Tuesday, February 21, 2017

Replicating Effects by Duplicating Data

RetractionWatch recently reported on the retraction of a paper by William Hart. Richard Morey blogged in more detail about this case. According to the RetractionWatch report:

From this description I can only conclude that I am that “scientist outside the lab.” 

I’m writing this post to provide some context for the Hart retraction. For one, inconsistent is rather a euphemism for what transpired in what I’m about to describe. Second, this case did indeed involve a graduate student, whom I shall refer to as "Fox."

Back to the beginning. I was a co-author on a registered replication report (RRR) involving one of Hart’s experiments. I described this project in a previous post. The bottom line is that none of the experiments replicated the original finding and that there was no meta-analytic effect. 

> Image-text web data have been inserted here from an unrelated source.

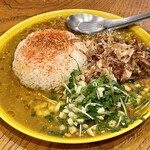 マルキュー食堂 - 土佐薬味宗田節出汁カレー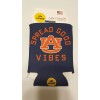 AUBURN TIGERS KOOZIE CAN COOLER NEW DOUBLE SIDED FLAT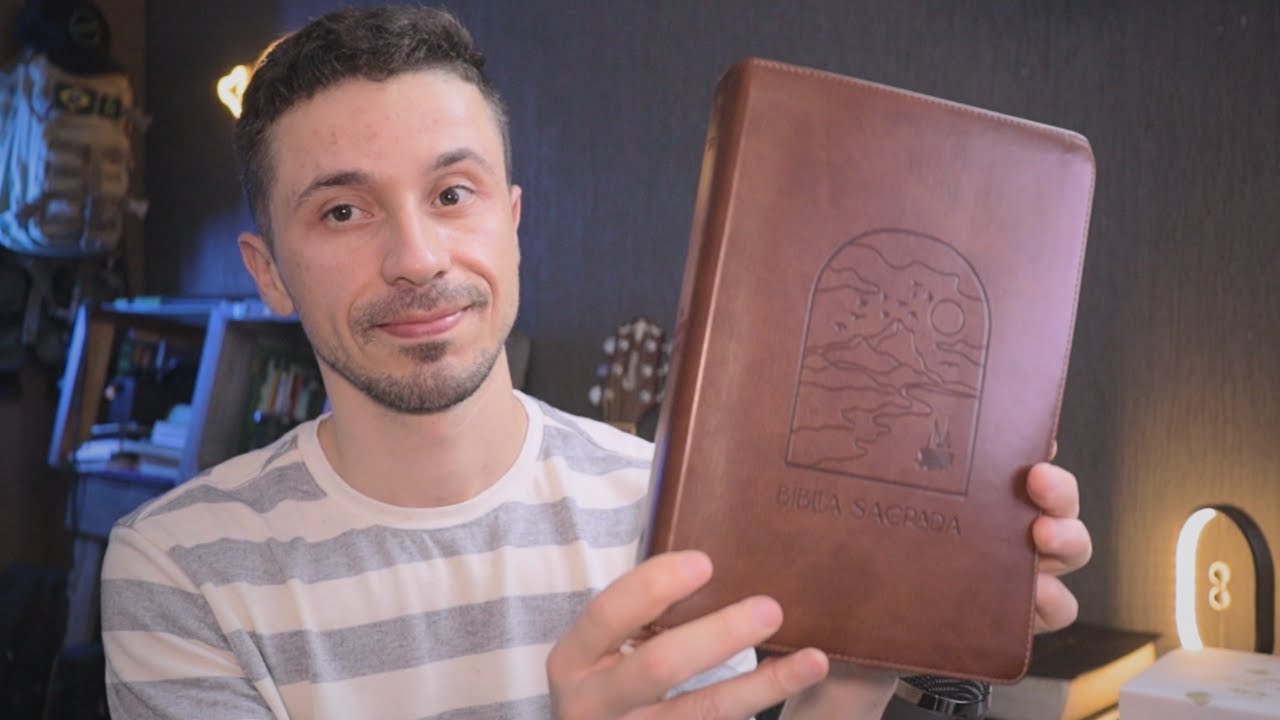 Unboxing THE PURPOSE BOOK A21 | Bíblia com espaço para anotações e muito mais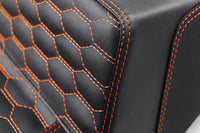 SEAT CUSHION BACKREST REPLACEMENT PINK THREAD V.23 FOR HONDA REBEL CMX 1100 2021-2025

Part of the RRR procedure is that original authors are invited to write a commentary on the replication report. The original commentary that was shared with the replicators had three authors: the two original authors (Hart and Albarricin) and Fox, who was the first author. A noteworthy aspect of the commentary was that it contained experiments. This was surprising (to put it mildly), given that one does not expect experiments in a commentary on a registered replication report, especially when these experiments themselves are not preregistered, as was the case here. Moreover, these experiments deviated from the protocol that we had established with the original authors. A clear case of double standards, in other words.

Also noteworthy was that the authors were able to replicate their own effect. And not surprising was that the commentary painted us as replication bullies. But with fake data, as it turns out.

The authors were made to upload their data to the Open Science Framework. I decided to take a look to see if I could explain the discrepancies between the successful replications in the commentary and all the unsuccessful ones in the RRR. I first tried to reproduce the descriptive and inferential statistics.  

Immediately I discovered some discrepancies between what was reported in the commentary and what was in the data file, both in condition means and in p-values. What could explain these discrepancies?

I decided to delve deeper and suddenly noticed a sequence of numbers, representing a subject’s responses, that was identical to a sequence several rows below. A coincidence, perhaps? I scrolled to the right where there was a column with verbal responses provided by the subjects, describing their thoughts about the purpose of the experiment. Like the number sequences, the two verbal responses were identical.

I then sorted the file by verbal responses. Lots of duplications started popping up. Here is a sample.

In all, there were 73 duplicates in the set of 194 subjects. This seemed quite alarming. After all, the experiment was run in the lab and how does one come to think they ran 73 more subjects than they actually ran? In the lab no less. It's a bit like running 25k and then saying afterwards "How bout them apples, I actually ran a marathon!" Also, given that the number of subjects was written out, it was clear that the authors intended to communicate they had a sample of 194 and not 121 subjects. Also important was that the key effect was no longer significant when the duplicates were removed (p=.059).

The editors communicated our concerns to the authors and pretty soon we received word that the authors had “worked night-and-day” to correct the errors. There was some urgency because the issue in which the RRR would appear was going to press.  We were reassured that the corrected data still showed the effect such that the conclusions of the commentary (“you guys are replication bullies”) remained unaltered and the commentary could be included in the issue.

Because I already knew that the key analysis was not significant after removal of the duplicates, I was curious how significance was reached in this new version. The authors had helpfully posted a “note on file replacement”: 

The first thing that struck me was that the note mentioned 69 duplicates whereas there were 73 in the original file. Also puzzling was the surprise appearance of 7 new subjects. I guess it pays to have a strong bullpen. With this new data collage, the p-value for the key effect was p=.028 (or .03).

A close comparison of the old and new data yields a different picture, though. The most important difference was that not 7 but 12 new subjects were added. In addition, for one duplicate both versions were removed. Renowned data sleuth Nick Brown analyzed these data separately from me and came up with the same numbers.

So history repeated itself here. The description of the data did not match the data and the “effect” was again significant just below .05 after the mixing-and-matching process.

There was much upheaval after this latest discovery, involving all of the authors of the replication project, the editors, and the commenters. I suspect that had we all been in the same room there would have been a brawl. 

The upshot of all this commotion was that this version of the commentary was withdrawn. The issue of Perspectives on Psychological Science went to press with the RRR but without the commentary.  In a subsequent issue, a commentary appeared with Hart as its sole author and without the new "data."

Who was responsible for this data debacle? After our discovery of the initial data duplication, we received an email from Fox stating that "Fox and Fox alone" was responsible for the mistakes. This sounded overly legalistic to me at the time and I’m still not sure what to make of it. 

The process of data manipulation described here appears to be one of mixing-and-matching. The sample is a collage consisting of data that can be added, deleted, and duplicated at will until a p-value of slightly below .05 (p = .03 seems popular in Hart’s papers) is reached.

I wonder if the data in the additional papers by Hart that apparently are going to be retracted are produced by the same foxy mixing-and-matching process. I hope the University of Alabama will publish the results of its investigation. The field needs openness.